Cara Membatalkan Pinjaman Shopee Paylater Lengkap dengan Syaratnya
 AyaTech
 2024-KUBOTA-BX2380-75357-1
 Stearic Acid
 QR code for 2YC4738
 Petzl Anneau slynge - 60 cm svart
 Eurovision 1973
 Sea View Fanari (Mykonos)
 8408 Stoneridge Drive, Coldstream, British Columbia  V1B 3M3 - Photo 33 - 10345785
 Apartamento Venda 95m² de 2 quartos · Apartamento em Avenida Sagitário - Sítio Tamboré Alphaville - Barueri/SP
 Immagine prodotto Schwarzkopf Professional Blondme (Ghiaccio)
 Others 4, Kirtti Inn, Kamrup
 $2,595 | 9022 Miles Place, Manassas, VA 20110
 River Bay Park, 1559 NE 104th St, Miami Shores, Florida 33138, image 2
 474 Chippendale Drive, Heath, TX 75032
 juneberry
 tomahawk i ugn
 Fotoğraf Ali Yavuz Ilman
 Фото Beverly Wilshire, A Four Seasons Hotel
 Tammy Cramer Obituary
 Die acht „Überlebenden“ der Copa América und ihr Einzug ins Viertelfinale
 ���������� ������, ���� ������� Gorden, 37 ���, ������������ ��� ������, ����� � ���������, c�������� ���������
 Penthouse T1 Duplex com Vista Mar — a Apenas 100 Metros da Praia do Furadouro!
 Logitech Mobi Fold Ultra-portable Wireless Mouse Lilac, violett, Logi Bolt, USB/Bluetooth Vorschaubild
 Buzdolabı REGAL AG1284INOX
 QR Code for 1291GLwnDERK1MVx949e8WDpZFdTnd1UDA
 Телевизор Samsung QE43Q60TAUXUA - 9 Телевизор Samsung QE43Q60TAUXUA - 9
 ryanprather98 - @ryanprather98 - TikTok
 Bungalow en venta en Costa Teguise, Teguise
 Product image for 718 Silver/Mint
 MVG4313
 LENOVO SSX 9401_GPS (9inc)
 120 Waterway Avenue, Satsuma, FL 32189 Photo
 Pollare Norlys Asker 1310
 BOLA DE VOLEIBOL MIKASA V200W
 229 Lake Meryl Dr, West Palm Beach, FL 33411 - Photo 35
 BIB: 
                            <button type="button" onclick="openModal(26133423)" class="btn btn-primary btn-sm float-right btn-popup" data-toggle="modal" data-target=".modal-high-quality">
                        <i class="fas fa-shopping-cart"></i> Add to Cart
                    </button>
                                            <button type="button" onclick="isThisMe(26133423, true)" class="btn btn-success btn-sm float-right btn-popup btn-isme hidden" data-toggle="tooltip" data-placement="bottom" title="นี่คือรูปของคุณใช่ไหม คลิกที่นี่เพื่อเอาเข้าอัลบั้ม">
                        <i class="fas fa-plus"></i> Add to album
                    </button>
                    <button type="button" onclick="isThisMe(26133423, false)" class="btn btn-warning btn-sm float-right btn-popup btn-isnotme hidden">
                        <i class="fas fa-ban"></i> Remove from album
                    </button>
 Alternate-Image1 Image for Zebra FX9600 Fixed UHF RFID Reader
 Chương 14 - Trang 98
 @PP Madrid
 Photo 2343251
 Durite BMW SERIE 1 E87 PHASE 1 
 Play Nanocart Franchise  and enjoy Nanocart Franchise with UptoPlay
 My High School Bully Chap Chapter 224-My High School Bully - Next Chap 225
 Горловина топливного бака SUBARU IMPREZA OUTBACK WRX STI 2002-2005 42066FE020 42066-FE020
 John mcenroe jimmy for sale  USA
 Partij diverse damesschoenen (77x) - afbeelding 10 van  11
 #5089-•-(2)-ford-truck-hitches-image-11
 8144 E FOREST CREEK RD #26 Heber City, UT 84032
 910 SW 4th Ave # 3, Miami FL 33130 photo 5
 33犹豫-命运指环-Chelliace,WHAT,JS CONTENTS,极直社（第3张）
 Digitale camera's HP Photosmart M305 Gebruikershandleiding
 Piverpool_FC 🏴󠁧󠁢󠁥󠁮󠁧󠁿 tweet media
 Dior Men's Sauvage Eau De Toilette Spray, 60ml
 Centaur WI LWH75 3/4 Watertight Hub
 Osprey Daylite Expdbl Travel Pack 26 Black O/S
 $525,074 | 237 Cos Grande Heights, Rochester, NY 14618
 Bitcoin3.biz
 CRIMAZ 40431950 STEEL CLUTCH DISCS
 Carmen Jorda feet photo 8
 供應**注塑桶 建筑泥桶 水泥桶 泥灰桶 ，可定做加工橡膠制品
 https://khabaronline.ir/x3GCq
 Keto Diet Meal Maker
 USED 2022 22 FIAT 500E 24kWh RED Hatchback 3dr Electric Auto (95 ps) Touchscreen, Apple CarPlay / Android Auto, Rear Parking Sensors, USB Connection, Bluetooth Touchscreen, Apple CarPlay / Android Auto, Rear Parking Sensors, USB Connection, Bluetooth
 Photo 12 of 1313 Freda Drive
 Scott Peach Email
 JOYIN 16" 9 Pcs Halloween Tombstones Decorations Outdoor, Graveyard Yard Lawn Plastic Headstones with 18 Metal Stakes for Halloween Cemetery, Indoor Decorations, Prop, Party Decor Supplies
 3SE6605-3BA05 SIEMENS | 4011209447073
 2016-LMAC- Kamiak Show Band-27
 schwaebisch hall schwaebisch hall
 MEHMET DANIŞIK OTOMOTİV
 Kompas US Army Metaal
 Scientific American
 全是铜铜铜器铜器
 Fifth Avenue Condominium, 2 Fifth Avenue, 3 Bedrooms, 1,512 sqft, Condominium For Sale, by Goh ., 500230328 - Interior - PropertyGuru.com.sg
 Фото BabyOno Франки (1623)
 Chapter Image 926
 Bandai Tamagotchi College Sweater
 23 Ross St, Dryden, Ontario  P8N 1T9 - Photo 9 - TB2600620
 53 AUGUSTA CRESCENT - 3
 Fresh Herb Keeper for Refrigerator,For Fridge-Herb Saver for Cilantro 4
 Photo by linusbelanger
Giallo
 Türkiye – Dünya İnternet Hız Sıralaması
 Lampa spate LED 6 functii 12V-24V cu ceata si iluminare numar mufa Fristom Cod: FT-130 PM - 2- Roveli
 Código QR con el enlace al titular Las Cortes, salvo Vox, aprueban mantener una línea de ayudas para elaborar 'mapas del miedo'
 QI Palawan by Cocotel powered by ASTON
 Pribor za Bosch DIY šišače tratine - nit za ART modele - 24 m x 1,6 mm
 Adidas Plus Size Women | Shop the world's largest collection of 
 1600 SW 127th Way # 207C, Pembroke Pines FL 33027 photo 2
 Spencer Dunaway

++++++++++

- Problem statement -
Quote every line from the beginning of the entries up to and including the line that contains "Buzdolabı REGAL AG1284INOX".

- Exercise result -
Cara Membatalkan Pinjaman Shopee Paylater Lengkap dengan Syaratnya
 AyaTech
 2024-KUBOTA-BX2380-75357-1
 Stearic Acid
 QR code for 2YC4738
 Petzl Anneau slynge - 60 cm svart
 Eurovision 1973
 Sea View Fanari (Mykonos)
 8408 Stoneridge Drive, Coldstream, British Columbia  V1B 3M3 - Photo 33 - 10345785
 Apartamento Venda 95m² de 2 quartos · Apartamento em Avenida Sagitário - Sítio Tamboré Alphaville - Barueri/SP
 Immagine prodotto Schwarzkopf Professional Blondme (Ghiaccio)
 Others 4, Kirtti Inn, Kamrup
 $2,595 | 9022 Miles Place, Manassas, VA 20110
 River Bay Park, 1559 NE 104th St, Miami Shores, Florida 33138, image 2
 474 Chippendale Drive, Heath, TX 75032
 juneberry
 tomahawk i ugn
 Fotoğraf Ali Yavuz Ilman
 Фото Beverly Wilshire, A Four Seasons Hotel
 Tammy Cramer Obituary
 Die acht „Überlebenden“ der Copa América und ihr Einzug ins Viertelfinale
 ���������� ������, ���� ������� Gorden, 37 ���, ������������ ��� ������, ����� � ���������, c�������� ���������
 Penthouse T1 Duplex com Vista Mar — a Apenas 100 Metros da Praia do Furadouro!
 Logitech Mobi Fold Ultra-portable Wireless Mouse Lilac, violett, Logi Bolt, USB/Bluetooth Vorschaubild
 Buzdolabı REGAL AG1284INOX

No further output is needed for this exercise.